Supplied data:
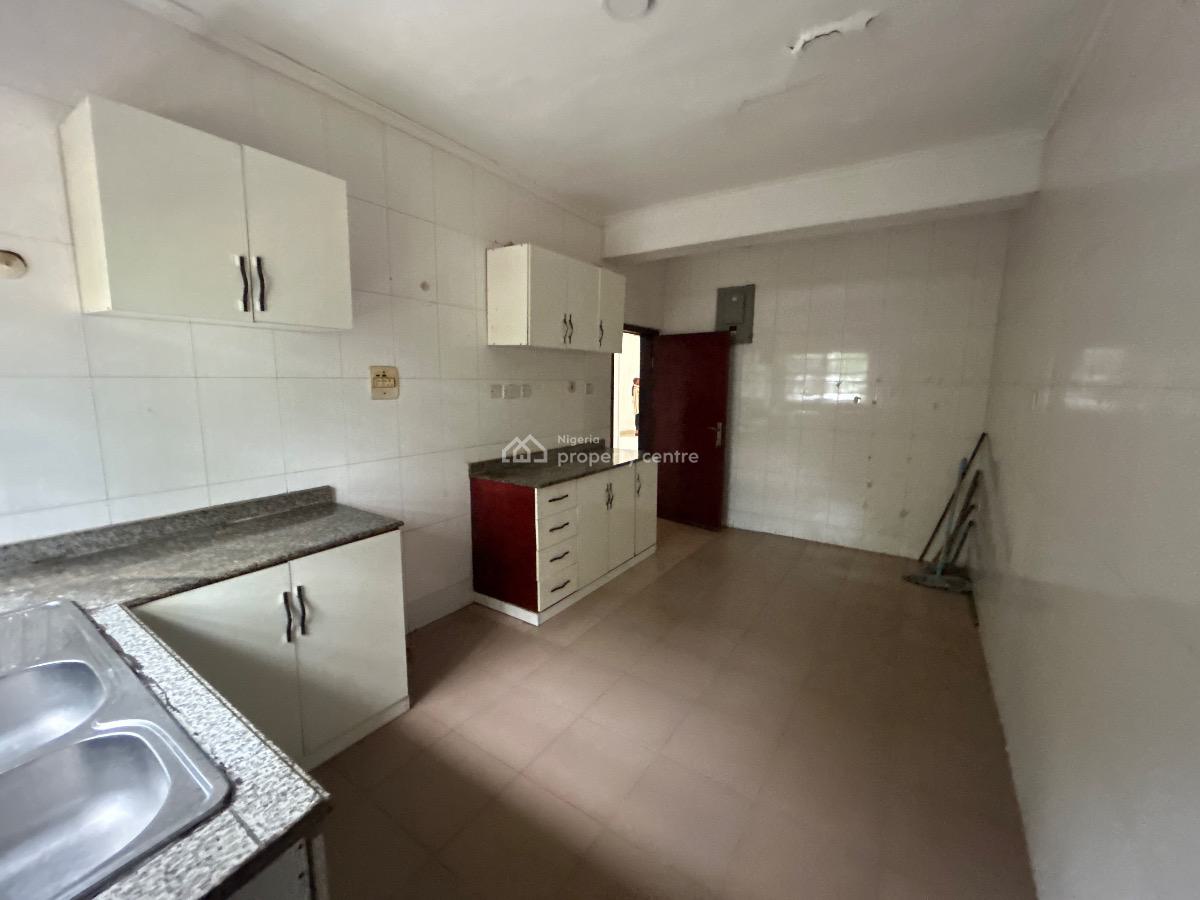 Very Spacious 5 Bedroom Terrace Duplex, Boudillion Court Estate, Lekki, Lagos, Terraced Duplex for Sale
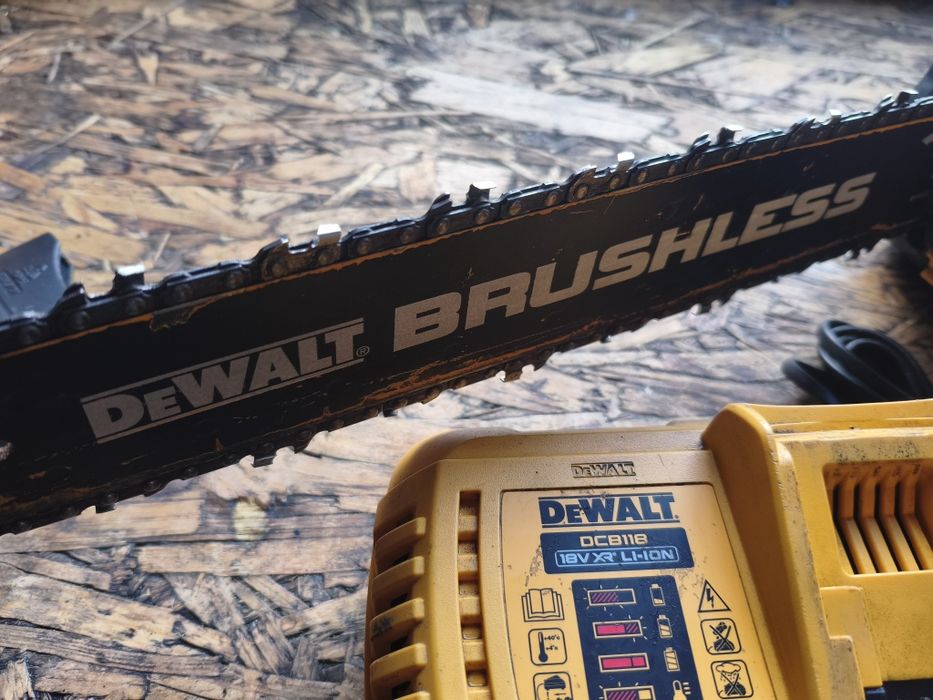 Piła łańcuchowa DeWalt dcm575 Aku 6ah ładowarka flexvolt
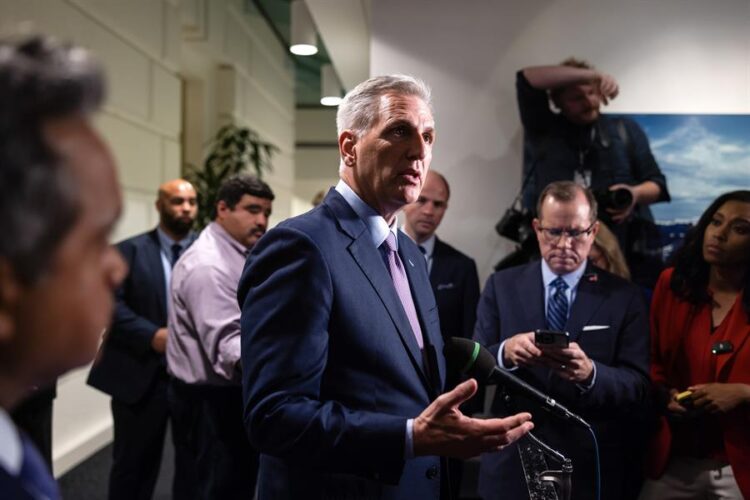 McCarthy afronta este martes la moción para revocarlo como líder de la Cámara Baja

Aim of the task: Reproduce the listing exactly, minus its pictures.

Solved exercise:
 Very Spacious 5 Bedroom Terrace Duplex, Boudillion Court Estate, Lekki, Lagos, Terraced Duplex for Sale
 Piła łańcuchowa DeWalt dcm575 Aku 6ah ładowarka flexvolt
 McCarthy afronta este martes la moción para revocarlo como líder de la Cámara Baja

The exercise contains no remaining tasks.